With prices referenced by physical and financial market participants from more than 200 cities, SGX Sicom benchmark contracts are used by physical participants to price contractual agreements, says SGX’s Ng. “SGX continues to lead the offshore market, as evidenced by the growth in open interest and volumes, by more than four and six times respectively, over the past decade.”
Disrupting the rubber trade
China’s foray into the rubber trade shows that the booming sector is ripe for disruption. “Looking ahead, the rubber industry will be working towards increasing the adoption of technology in physical trading, supply chain management and data analytics,” wrote SGX’s Syn, more than a year before the outbreak of Covid-19. “A digital transformation will go a long way to attract a new breed of young market and industry professionals.”
To that end, SGX invested US$1.5 million ($1.98 million) in HeveaConnect this March to hold a 9.09% stake in the digital platform, which provides tools to facilitate sustainable rubber trade. According to Ng, HeveaConnect focuses on digitalising traditional physical trading while providing custom software and reporting tools to use data in advancing sustainability.
Indeed, while Covid-19 has brought about a boom for rubber products like gloves, the pandemic has also highlighted how the industry desperately needs to modernise. Farah Miller, CEO and co-founder of Helixtap Technologies, observes that Covid-19 has led to dramatic structural changes in consumer behaviour patterns — a greater number of people and companies embracing new trends in cloud technology and e-commerce. “Based on this, our view is that in the longer term the adoption of digital platforms will be the norm, even in B2B markets,” she says.
Founded in 2018, Miller’s company presents a present-day solution to a sector encumbered for decades by middlemen. “There is a lack of technology as a fundamental core of the rubber market. From the very manual process of tapping the trees to factories, which are unmapped and not digitised,” says Miller.
“But it does not have to stay this way. The ability to use cloud-based pay-as-you-use solutions and the greater availability of the internet have also helped smaller, more remote businesses access technologies more easily, where price and geography could have been limiting factors previously,” she adds.
Marketed as “the world’s only independent digital marketplace for physical rubber”, Helixtap Technologies’ digital platform offers a variety of tools for end-to-end trading including trade financing, access to capital, selling excess stock and more. The online approach offers an egalitarian playing field for everyone in the supply chain, ranging from latex farmers, raw material traders, rubber producers and processors to intermediate traders and consumers.
“Smaller businesses can now participate without large upfront costs to raise their profiles, taking advantage of smart logistics and supporting services such as automated contracts, financing and marketing to reach international markets,” says Miller.
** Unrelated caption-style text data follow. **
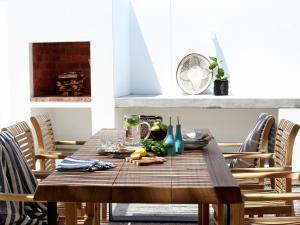 a wooden table with food on it in a dining room at The Cottage Collection Paternoster in Paternoster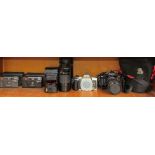 A Leica Mini 35mm camera together with a Leica Mini II, a Minolta DNYAX 505Si,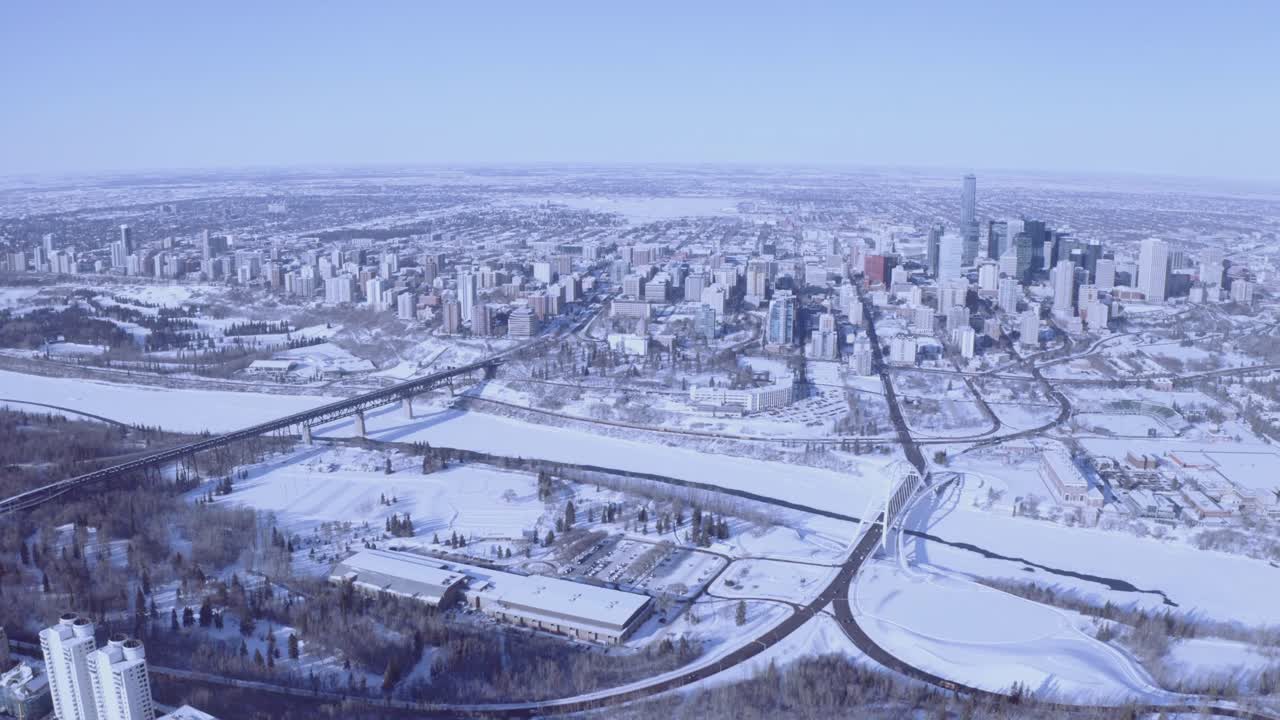panoramica aerea super alta fuori dall'inverno città innevata con sfumature blu cielo limpido di un orizzonte sinuoso con ponti che collegano al centro città attraversando fiumi ghiacciati innevati parchi foreste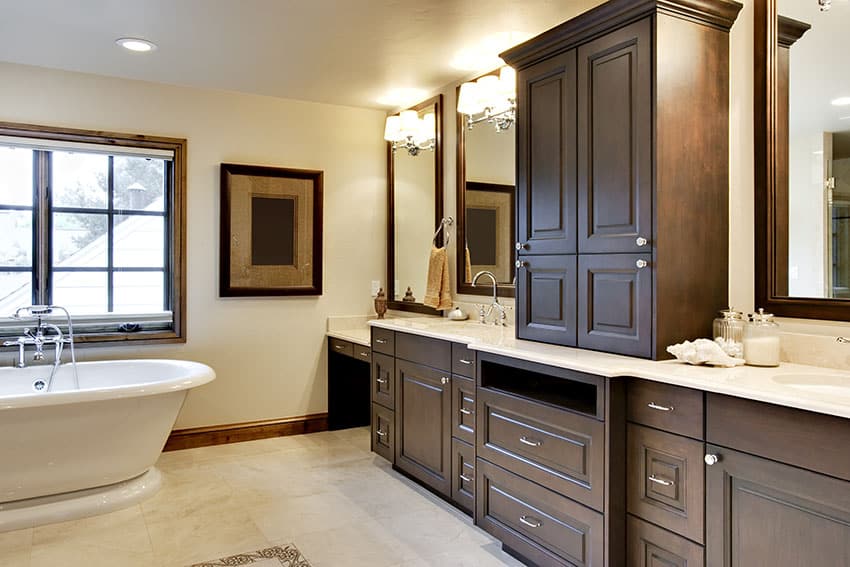 Bathroom with pedestal tub and custom cabinet vanities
Singapore-headquartered Helixtap was co-founded with industry veteran Brian Miller, who had a hand in developing the Gold Exchange of Singapore and the former Singapore International Monetary Exchange (Simex) with Singapore International Chamber of Commerce Rubber Association (Siccra), RTAS and the Monetary Authority of Singapore (MAS). The duo has a combined experience in the rubber market of over 60 years.
“We see our role at Helixtap as the nexus between the rubber market and technology,” says Miller. “We want to drive innovation so companies can thrive in the decades to come.”